No matter how long ago you studied math in high school, you probably remember using a compass and a straightedge to do basic geometric constructions. Perhaps you were asked to use these tools to find the midpoint of a line segment, bisect an angle, or even construct a hexagon (Illustration A). With its overlap between mathematics and art, many students count geometry as among the best of their mathematical experiences.
You may also remember being told that it was impossible to trisect an angle using a compass and a straightedge. Maybe you were one of those students who just had to try it for yourself. If you did try, you didn’t suceed. Trisecting an angle is one of the three ‘impossible constructions’ (along with squaring the circle and doubling the cube.) While the ancients considered these problems simply obstinate and as-of-yet unsolved, in 1837 the young French mathematician Pierre Wantzel finally proved that it was indeed impossible. He published his findings in a little-noted article for Journal de Mathematique.
Like many brilliant young mathematicians, Wantzel was an interesting character. Sadly, he died at the age of 34, only a decade after the publication, and his proof was ignored for almost fifty years. Of Wantzel’s inability to achieve even greater results in mathematics, fellow mathematician Jean Claude Saint-Venant wrote:
“I believe that this is mostly due to the irregular manner in which he worked, to the excessive number of occupations in which he was engaged, to the continual movement and feverishness of his thoughts, and even to the abuse of his own facilities. Wantzel improvised more than he elaborated, he probably did not give himself the leisure nor the calm necessary to linger long on the same subject … Ordinarily, he worked evenings, not lying down until late; then he read, and took only a few hours of troubled sleep, making alternately wrong use of coffee and opium, and taking his meals at irregular hours until he was married. He put unlimited trust in his constitution, very strong by nature, which he taunted at pleasure by all sorts of abuse. He brought sadness to those who mourn his premature death.”
Nonetheless, Wantzel’s proof was eventually discovered, improved upon slightly, and widely accepted.
So it really is impossible to trisect an angle with a compass and straightedge. Your teachers were right. But it is not impossible to trisect an angle with simple manual tools.
One solution comes to us from a surprising source, the ancient Japanese art of paper folding, origami. With only seven simple folds you can use a single piece of paper to trisect any arbitrary angle, something that is impossible with the classical compass and straightedge.
To try it yourself, follow along with the video below:
Origami constructions have been studied by
But if you think this means the Japanese were on to a kind of mathematics that the Greeks could never have had access to with their straightedges and compasses, there is a bit more to the story. (The video above may even be a bit misleading concerning the Greeks.)

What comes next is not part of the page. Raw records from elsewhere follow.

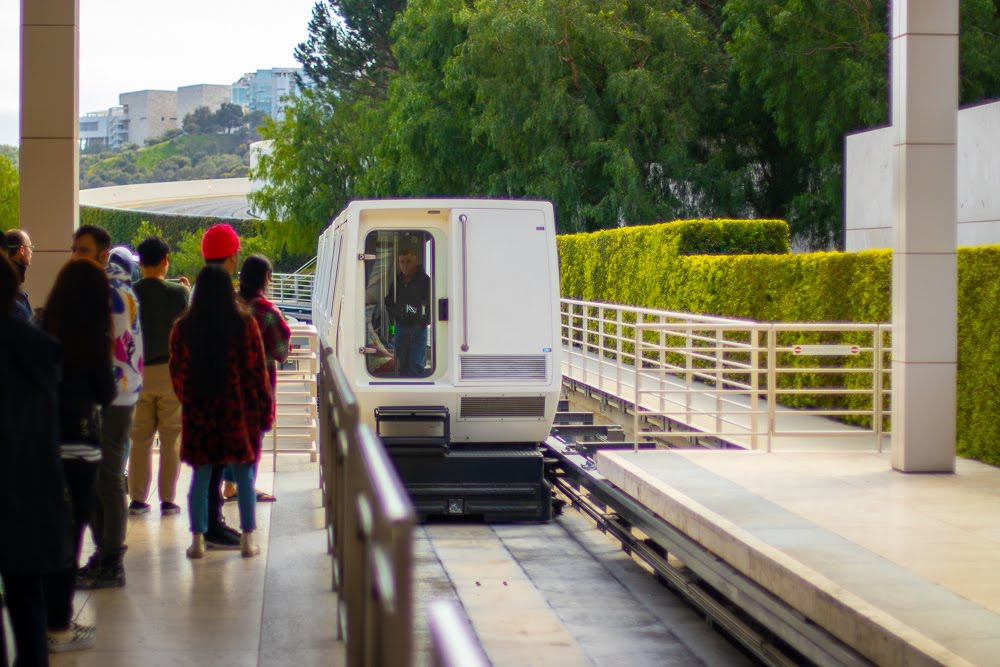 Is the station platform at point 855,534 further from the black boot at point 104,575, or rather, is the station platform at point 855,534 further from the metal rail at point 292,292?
the metal rail at point 292,292

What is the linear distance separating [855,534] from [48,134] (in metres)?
6.01

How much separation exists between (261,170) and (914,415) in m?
56.6

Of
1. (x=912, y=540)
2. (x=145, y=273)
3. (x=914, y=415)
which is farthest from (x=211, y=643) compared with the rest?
(x=914, y=415)

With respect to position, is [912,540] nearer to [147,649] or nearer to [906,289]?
[906,289]

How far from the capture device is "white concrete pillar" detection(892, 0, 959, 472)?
1084 centimetres

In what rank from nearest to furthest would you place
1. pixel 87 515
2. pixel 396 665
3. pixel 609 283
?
pixel 396 665 → pixel 87 515 → pixel 609 283

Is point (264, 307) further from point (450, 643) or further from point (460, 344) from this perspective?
point (450, 643)

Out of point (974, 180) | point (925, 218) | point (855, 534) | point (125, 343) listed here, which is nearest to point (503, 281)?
point (925, 218)

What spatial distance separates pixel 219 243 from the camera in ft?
25.5

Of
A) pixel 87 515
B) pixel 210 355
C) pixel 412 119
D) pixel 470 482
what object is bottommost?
pixel 470 482

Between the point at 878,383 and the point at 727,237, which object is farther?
the point at 727,237

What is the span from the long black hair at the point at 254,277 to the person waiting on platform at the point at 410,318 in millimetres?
3998

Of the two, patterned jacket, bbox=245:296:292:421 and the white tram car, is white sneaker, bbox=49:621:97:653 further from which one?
the white tram car

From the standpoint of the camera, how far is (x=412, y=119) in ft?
136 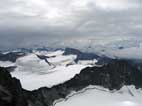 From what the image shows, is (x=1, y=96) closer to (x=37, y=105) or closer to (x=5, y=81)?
(x=5, y=81)

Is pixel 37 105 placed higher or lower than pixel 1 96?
lower

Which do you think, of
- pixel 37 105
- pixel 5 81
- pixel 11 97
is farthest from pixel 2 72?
pixel 37 105

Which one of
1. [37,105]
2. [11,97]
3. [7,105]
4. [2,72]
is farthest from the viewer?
[37,105]

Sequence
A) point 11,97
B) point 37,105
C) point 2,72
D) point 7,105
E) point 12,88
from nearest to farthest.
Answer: point 7,105 → point 11,97 → point 12,88 → point 2,72 → point 37,105

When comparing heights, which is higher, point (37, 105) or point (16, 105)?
point (16, 105)

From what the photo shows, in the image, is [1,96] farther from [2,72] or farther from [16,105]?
[2,72]

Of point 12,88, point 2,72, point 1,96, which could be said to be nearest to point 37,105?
point 2,72

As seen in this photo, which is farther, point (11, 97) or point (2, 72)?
point (2, 72)

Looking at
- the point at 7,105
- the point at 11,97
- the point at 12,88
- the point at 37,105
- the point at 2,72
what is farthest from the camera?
the point at 37,105

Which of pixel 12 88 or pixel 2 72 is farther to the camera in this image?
pixel 2 72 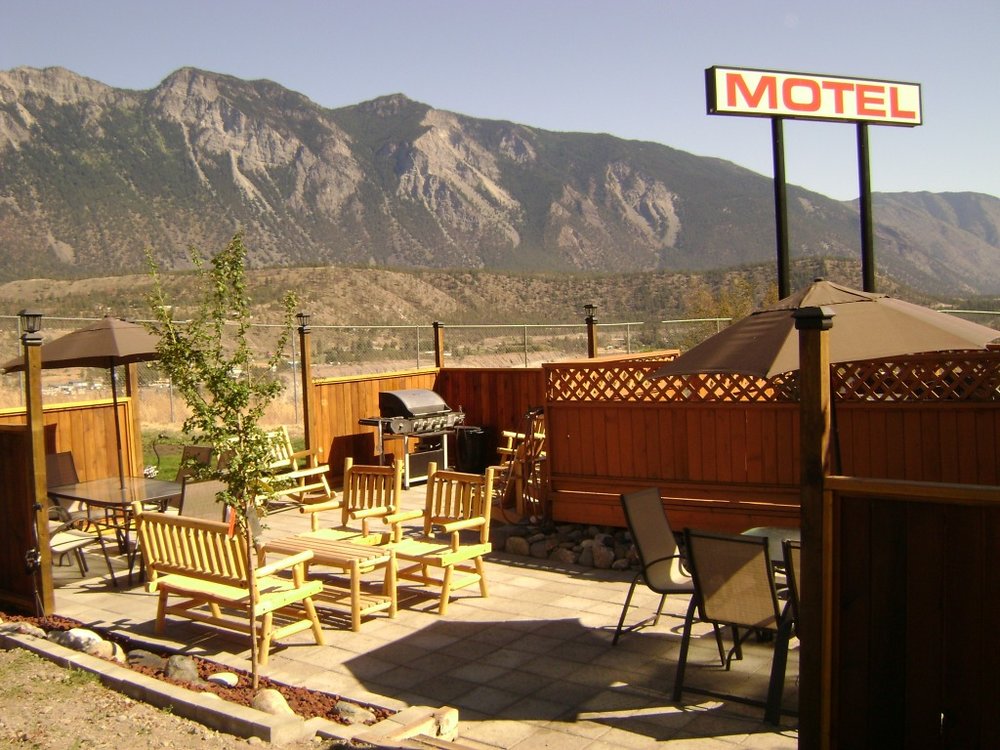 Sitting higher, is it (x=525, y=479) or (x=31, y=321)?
(x=31, y=321)

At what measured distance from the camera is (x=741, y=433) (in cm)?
772

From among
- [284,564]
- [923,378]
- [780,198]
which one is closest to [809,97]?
[780,198]

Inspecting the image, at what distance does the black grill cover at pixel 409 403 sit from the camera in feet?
38.3

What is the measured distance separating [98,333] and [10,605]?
8.32 ft

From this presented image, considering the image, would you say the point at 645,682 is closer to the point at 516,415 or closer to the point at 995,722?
the point at 995,722

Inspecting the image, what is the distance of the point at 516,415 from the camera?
12.4 m

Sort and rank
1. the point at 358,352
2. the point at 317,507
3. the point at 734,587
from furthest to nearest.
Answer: the point at 358,352, the point at 317,507, the point at 734,587

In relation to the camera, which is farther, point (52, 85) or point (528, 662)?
point (52, 85)

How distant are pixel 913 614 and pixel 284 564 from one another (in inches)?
149

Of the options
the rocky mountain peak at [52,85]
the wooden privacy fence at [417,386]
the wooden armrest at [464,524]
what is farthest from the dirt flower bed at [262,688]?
the rocky mountain peak at [52,85]

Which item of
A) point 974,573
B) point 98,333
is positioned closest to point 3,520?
point 98,333

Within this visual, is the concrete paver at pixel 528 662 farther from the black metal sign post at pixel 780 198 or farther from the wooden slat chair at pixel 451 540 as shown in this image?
the black metal sign post at pixel 780 198

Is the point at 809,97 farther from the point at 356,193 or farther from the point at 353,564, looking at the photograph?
the point at 356,193

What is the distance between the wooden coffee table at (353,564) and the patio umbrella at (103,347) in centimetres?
235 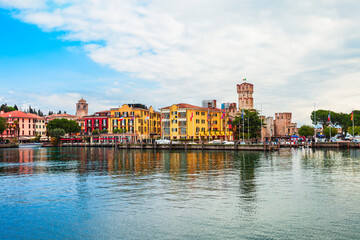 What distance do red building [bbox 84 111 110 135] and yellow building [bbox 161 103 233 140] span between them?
2769cm

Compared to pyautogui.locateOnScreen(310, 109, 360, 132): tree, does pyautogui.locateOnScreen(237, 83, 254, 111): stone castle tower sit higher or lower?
higher

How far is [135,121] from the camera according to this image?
5187 inches

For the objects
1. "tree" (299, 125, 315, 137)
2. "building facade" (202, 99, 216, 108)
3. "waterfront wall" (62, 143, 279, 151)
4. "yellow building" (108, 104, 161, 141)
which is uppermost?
"building facade" (202, 99, 216, 108)

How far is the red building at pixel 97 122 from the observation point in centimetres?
14000

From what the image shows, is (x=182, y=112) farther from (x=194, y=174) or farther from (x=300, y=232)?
(x=300, y=232)

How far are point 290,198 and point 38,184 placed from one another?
24.2m

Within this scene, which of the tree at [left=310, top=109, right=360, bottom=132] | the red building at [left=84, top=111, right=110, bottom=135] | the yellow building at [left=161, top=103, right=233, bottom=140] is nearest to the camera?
the yellow building at [left=161, top=103, right=233, bottom=140]

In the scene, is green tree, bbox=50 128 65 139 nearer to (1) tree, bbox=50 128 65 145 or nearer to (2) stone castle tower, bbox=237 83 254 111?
(1) tree, bbox=50 128 65 145

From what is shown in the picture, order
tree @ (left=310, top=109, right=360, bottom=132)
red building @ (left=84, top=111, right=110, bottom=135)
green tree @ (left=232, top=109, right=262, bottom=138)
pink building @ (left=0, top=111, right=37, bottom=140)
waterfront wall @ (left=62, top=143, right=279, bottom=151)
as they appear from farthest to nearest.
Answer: pink building @ (left=0, top=111, right=37, bottom=140)
tree @ (left=310, top=109, right=360, bottom=132)
red building @ (left=84, top=111, right=110, bottom=135)
green tree @ (left=232, top=109, right=262, bottom=138)
waterfront wall @ (left=62, top=143, right=279, bottom=151)

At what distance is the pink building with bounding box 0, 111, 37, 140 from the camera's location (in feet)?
532

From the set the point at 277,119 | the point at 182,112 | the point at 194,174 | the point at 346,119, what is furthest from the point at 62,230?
the point at 346,119

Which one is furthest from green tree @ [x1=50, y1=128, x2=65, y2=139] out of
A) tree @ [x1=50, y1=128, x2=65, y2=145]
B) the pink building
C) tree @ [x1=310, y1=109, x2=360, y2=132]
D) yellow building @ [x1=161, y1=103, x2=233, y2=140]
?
tree @ [x1=310, y1=109, x2=360, y2=132]

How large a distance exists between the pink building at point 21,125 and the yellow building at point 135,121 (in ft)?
175

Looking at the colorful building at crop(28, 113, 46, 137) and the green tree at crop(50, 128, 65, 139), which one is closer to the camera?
the green tree at crop(50, 128, 65, 139)
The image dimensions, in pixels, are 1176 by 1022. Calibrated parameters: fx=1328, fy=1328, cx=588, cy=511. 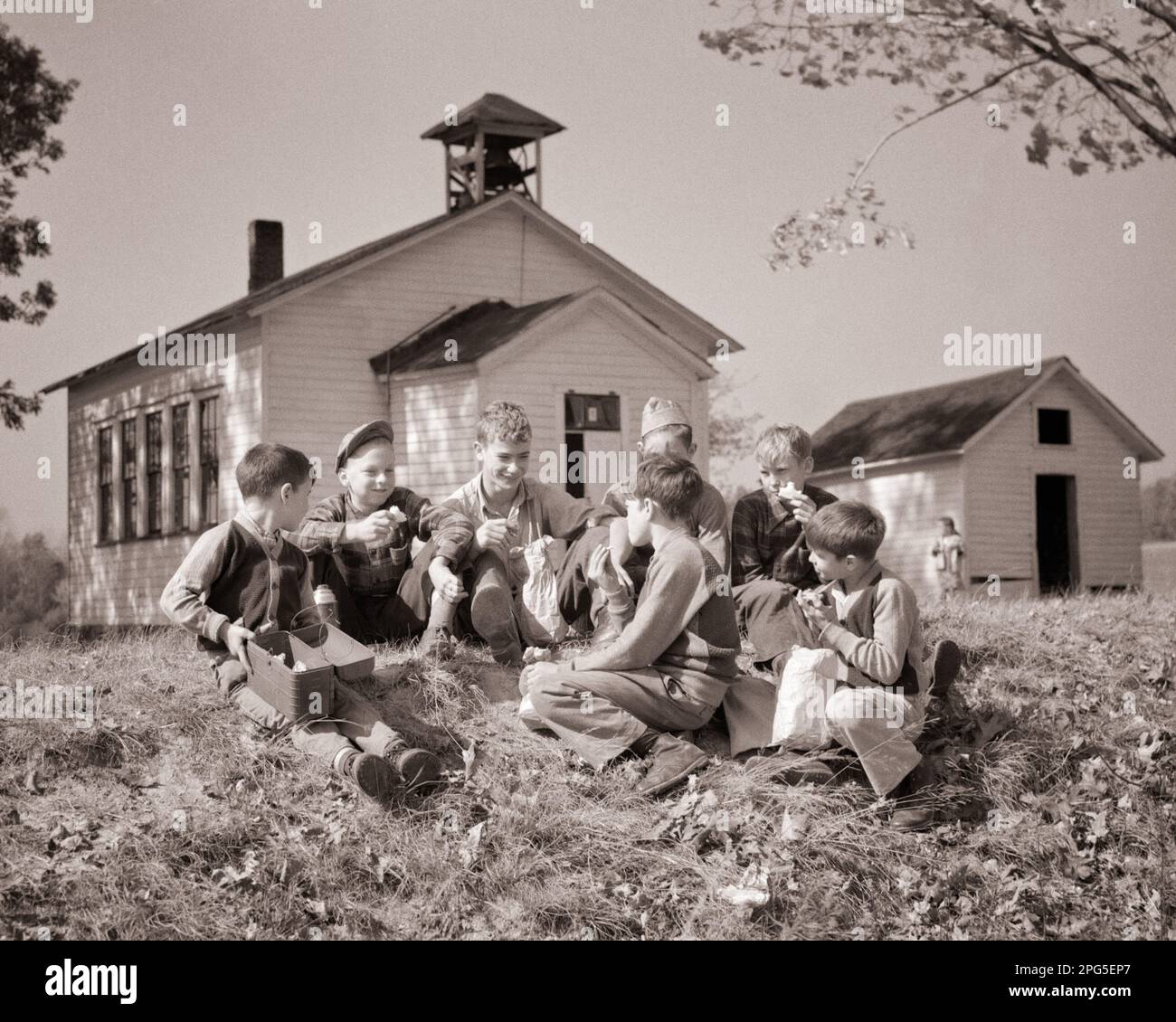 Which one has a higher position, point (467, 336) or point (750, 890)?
point (467, 336)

While it is impossible to trisect an angle with a compass and a straightedge given the ordinary rules of those instruments, it is relatively easy to do so if one is willing to simply mark the straightedge with two dots.
The method is known as “neusis construction.” And despite the fact that the method had been shunned as inferior by Euclid in his Elements as well as by other classical mathematicians, no less an ancient thinker than Archimedes (287 – 212 B.C.) proved that it was possible to trisect an angle using this method.
So why would an effective method such as neusis construction ever be shunned?
To the Greeks’ sensibilities at the time, the more abstract and distant from physical reality a thing was, the nobler and more highly regarded. A method that required crudely marking off a segment of the theoretically infinite straight edge or the mathematically perfect circle in order to accomplish the task of trisection was considered somewhat vulgar.
As with the history of painting, the history of mathematics tells us that ‘approved’ technique is oftentimes as much a matter of philosophical commitments and aesthetic sensibilities as it is a matter of pure utility.
Perhaps it is a permanent feature of the human condition to believe that some things are just not worth doing unless they are worth doing beautifully and for the right reason.
6 Comments
Becca (Feeks) Brophy
Fascinating!
Matt Axvig
Aesthetics vs. Utility…is this why computer-assisted proofs are controversial?
Jon Balsbaugh
It seems to me that the controversy over computer-assisted proofs has a several-fold origin, perhaps rooted in the same objection:
1. Computer-assisted proofs take the human being out of the driver seat in being able to ‘peer review’ every aspect of the proof. They can’t be checked by hand. (Connect to driverless cars … even if they are statistically safer, people fear the loss of the human element to override the machine.)
2. There is a sense of unfair ‘advantage’ in what can be a highly competitive arena. (Connect to steroids in cycling and elsewhere in sports.)
3. And, yes, it is an ‘ugly’ way to do math even if it works.
I wonder what is most fundamental?
Abbey von Gohren
Gives a whole new perspective on what we mean when we say something is “impossible.”
Akangka
I thought Greeks trisect an angle by conic sections.